'''
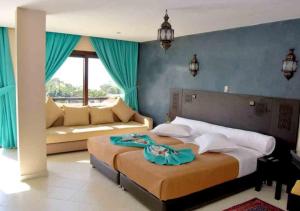 阿加迪尔蒂里拉套房酒店的一间卧室配有一张大床和一张沙发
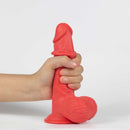 Get Lucky Real Skin Mr Ruby 7.5 Inch Dual Layer Dildo Red held in hand for a realistic experience.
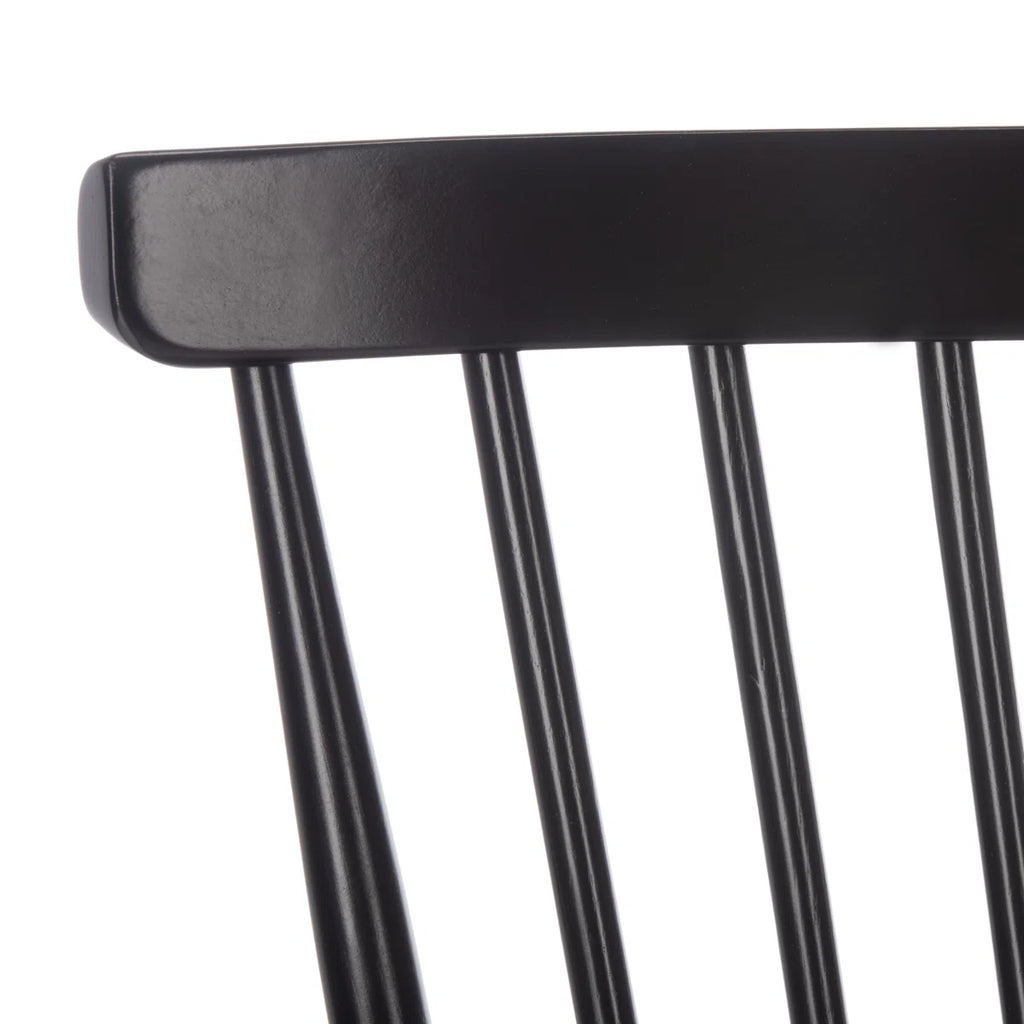 Close-up of a black chair backrest on a white background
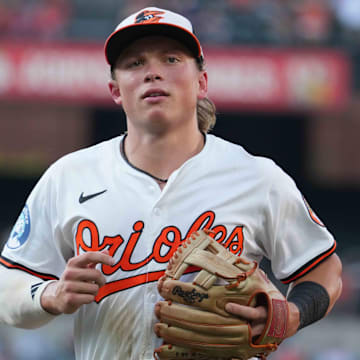 Jul 29, 2025; Baltimore, Maryland, USA; Baltimore Orioles second baseman Jackson Holliday (7) returns to the dugout at the end of the second inning against the Toronto Blue Jays at Oriole Park at Camden Yards. Mandatory Credit: Mitch Stringer-Imagn Images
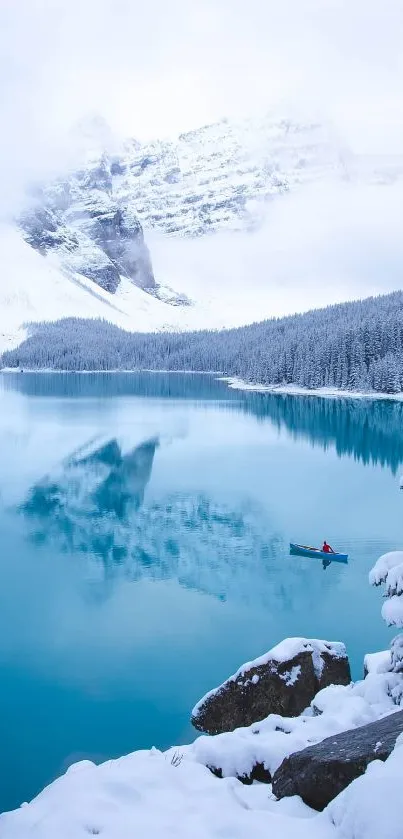 Snowy lake and mountains with a small boat.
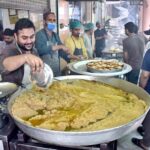 People in a queue to purchase traditional breakfast (Halwa Puri) during morning time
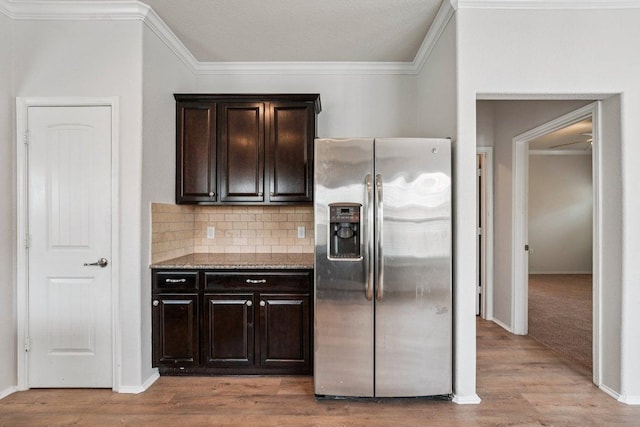10017 Pinnacle Crest Loop, Austin, TX 78747 - kitchen featuring stainless steel fridge, dark brown cabinets, crown molding, decorative backsplash, and light wood-type flooring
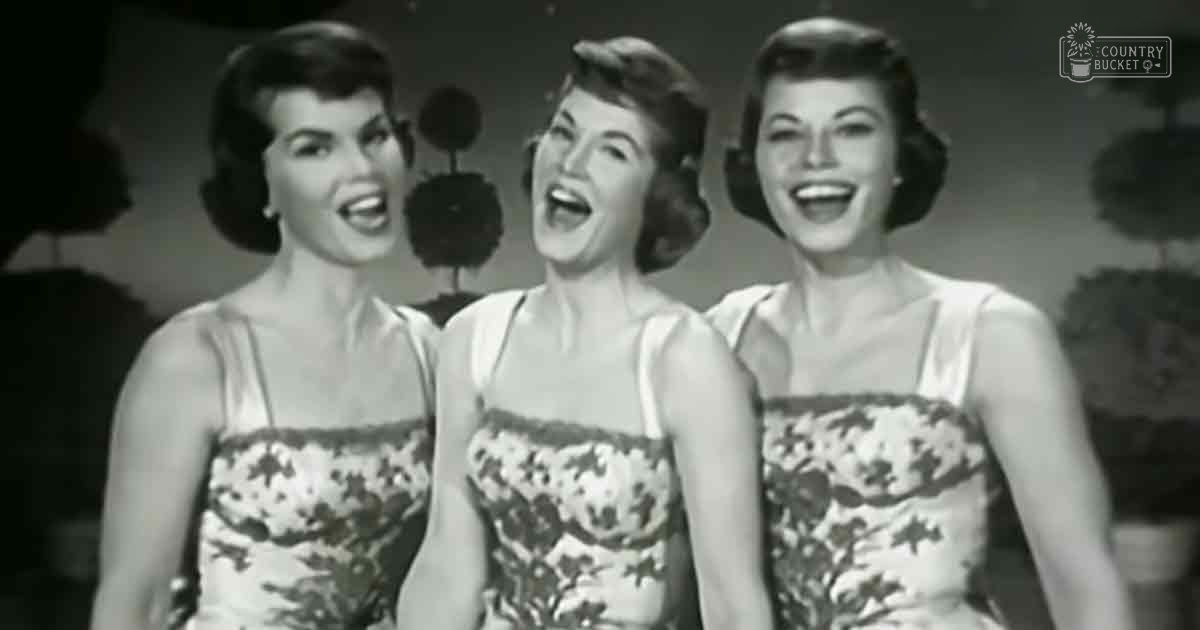 A group performance scene from an older era, mid-20th century, with young adult female performers in form-fitting strapless dresses with floral patterns and white bases. Setting appears to be indoors on a stage, likely during a well-lit indoor performance.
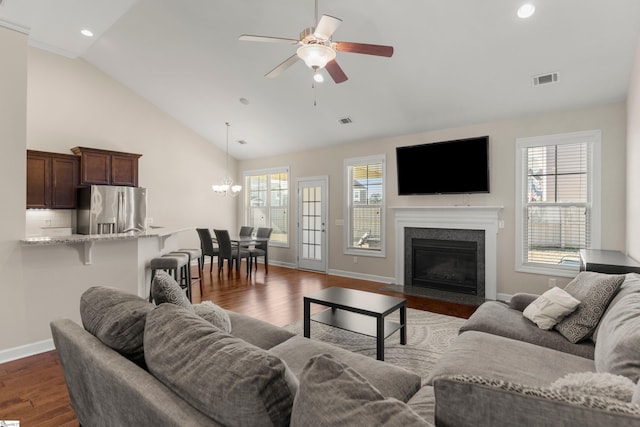 living room featuring ceiling fan with notable chandelier, high vaulted ceiling, and dark wood-type flooring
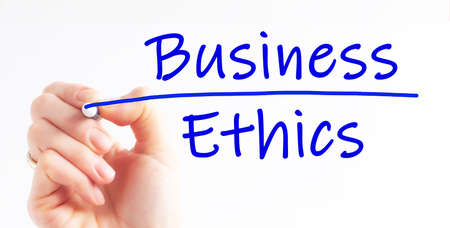 Hand writing inscription Business Ethics with blue marker, concept. Business Ethics, business concept background.の写真素材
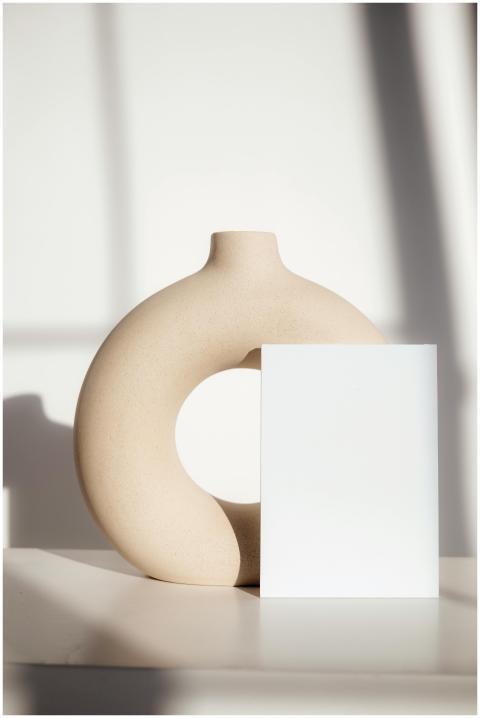 Elegant minimalist setup with a circular vase and
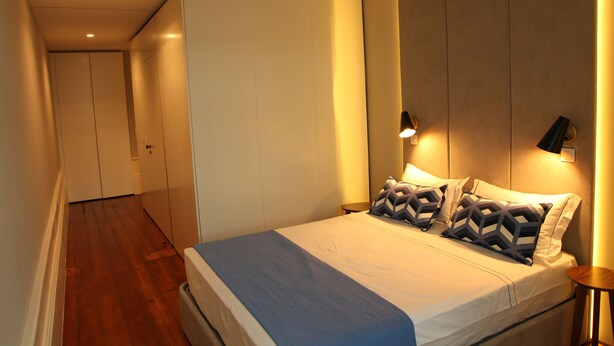 A modern bedroom with a large bed, a wardrobe, and a nightstand with a lamp.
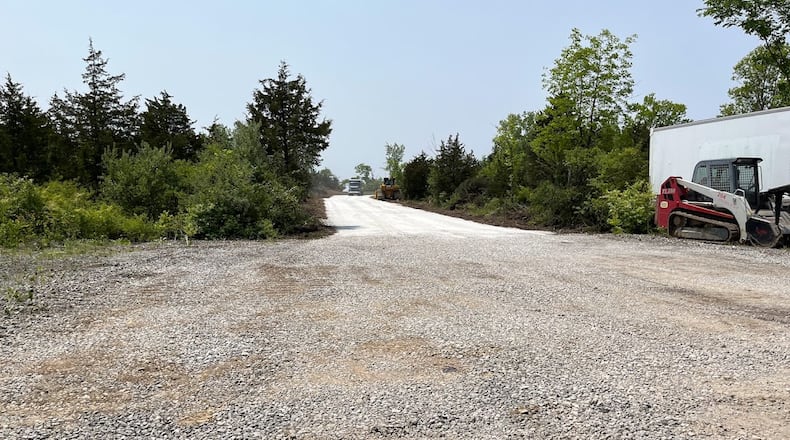 A new gravel road just east of the CenterPoint Energy Dayton Air Show's general admissions parking field off Northwoods Boulevard and North Dixie Drive. Air Show officials said Thursday motorists coming off Interstate 75 onto Northwoods this summer will be able to access general admissions parking much earlier, near where Engle Road meets Northwoods. THOMAS GNAU/STAFF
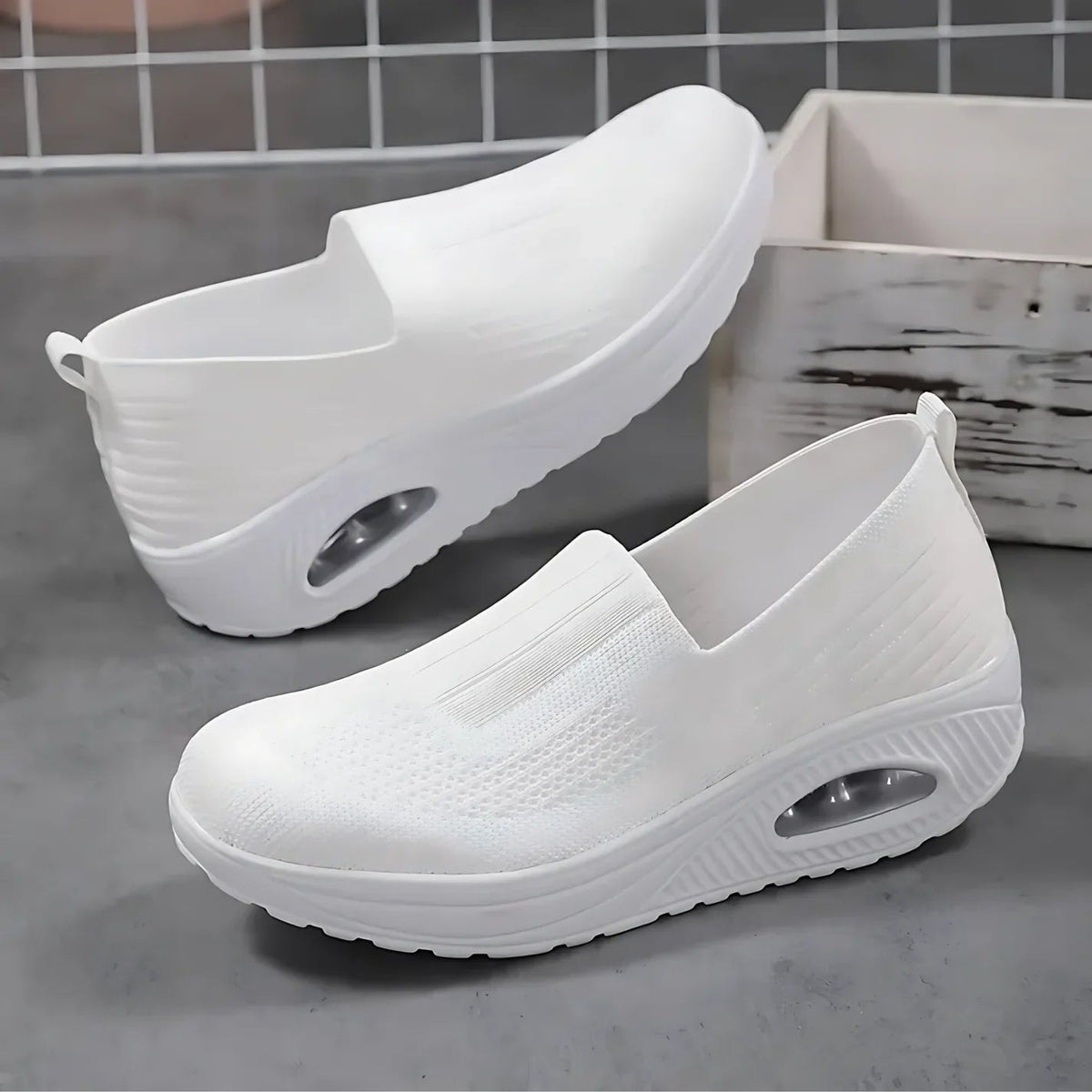 White slip-on platform sneakers displayed separately, showing their textured uppers, raised soles, and oval side accents.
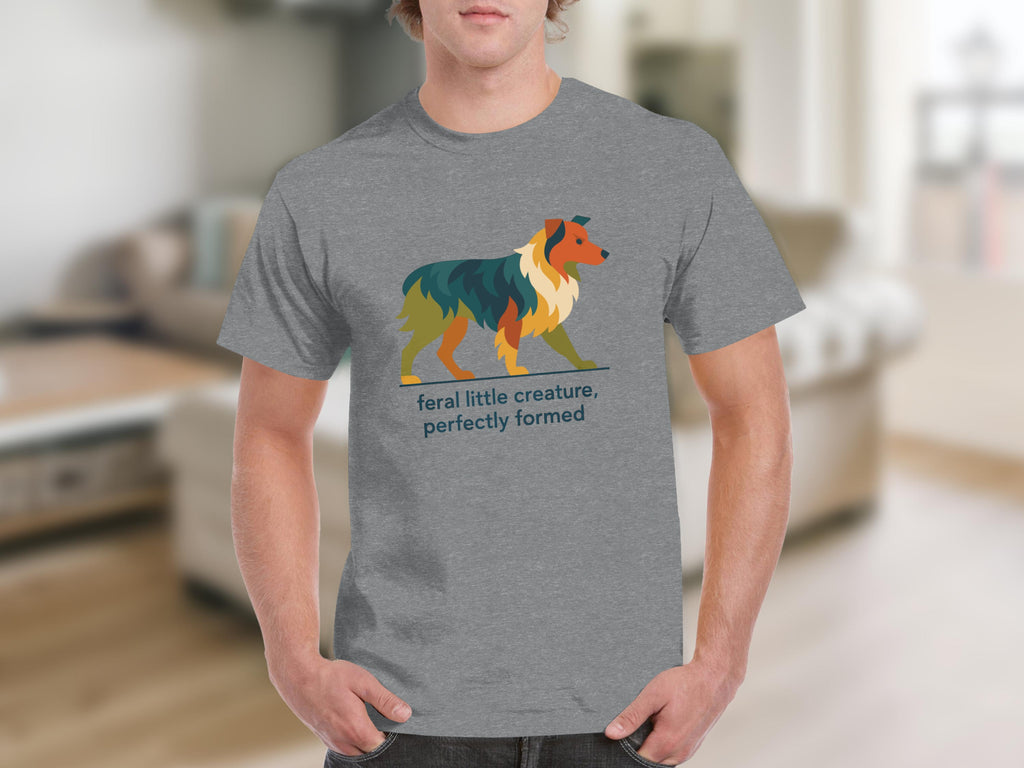 Grey t-shirt with geometric dog art and text "feral little creature, perfectly formed".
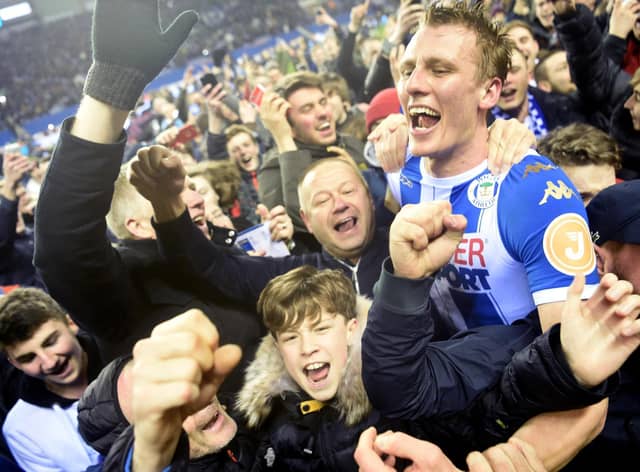 Dan Burn celebrates Latics' famous FA Cup victory over Manchester City in 2018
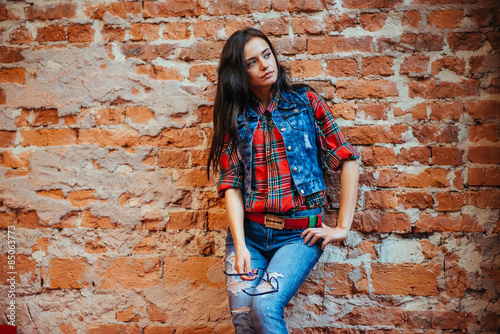 Beautiful young woman stands near the old brick wall. Youth styl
'''
YOUR INSTRUCTIONS: Beginning with the line above that contains "People in a" and finishing with the line that contains "living room featuring", print those lines exactly and only. Skip all pictures.

RESULT:
 People in a queue to purchase traditional breakfast (Halwa Puri) during morning time
10017 Pinnacle Crest Loop, Austin, TX 78747 - kitchen featuring stainless steel fridge, dark brown cabinets, crown molding, decorative backsplash, and light wood-type flooring
 A group performance scene from an older era, mid-20th century, with young adult female performers in form-fitting strapless dresses with floral patterns and white bases. Setting appears to be indoors on a stage, likely during a well-lit indoor performance.
 living room featuring ceiling fan with notable chandelier, high vaulted ceiling, and dark wood-type flooring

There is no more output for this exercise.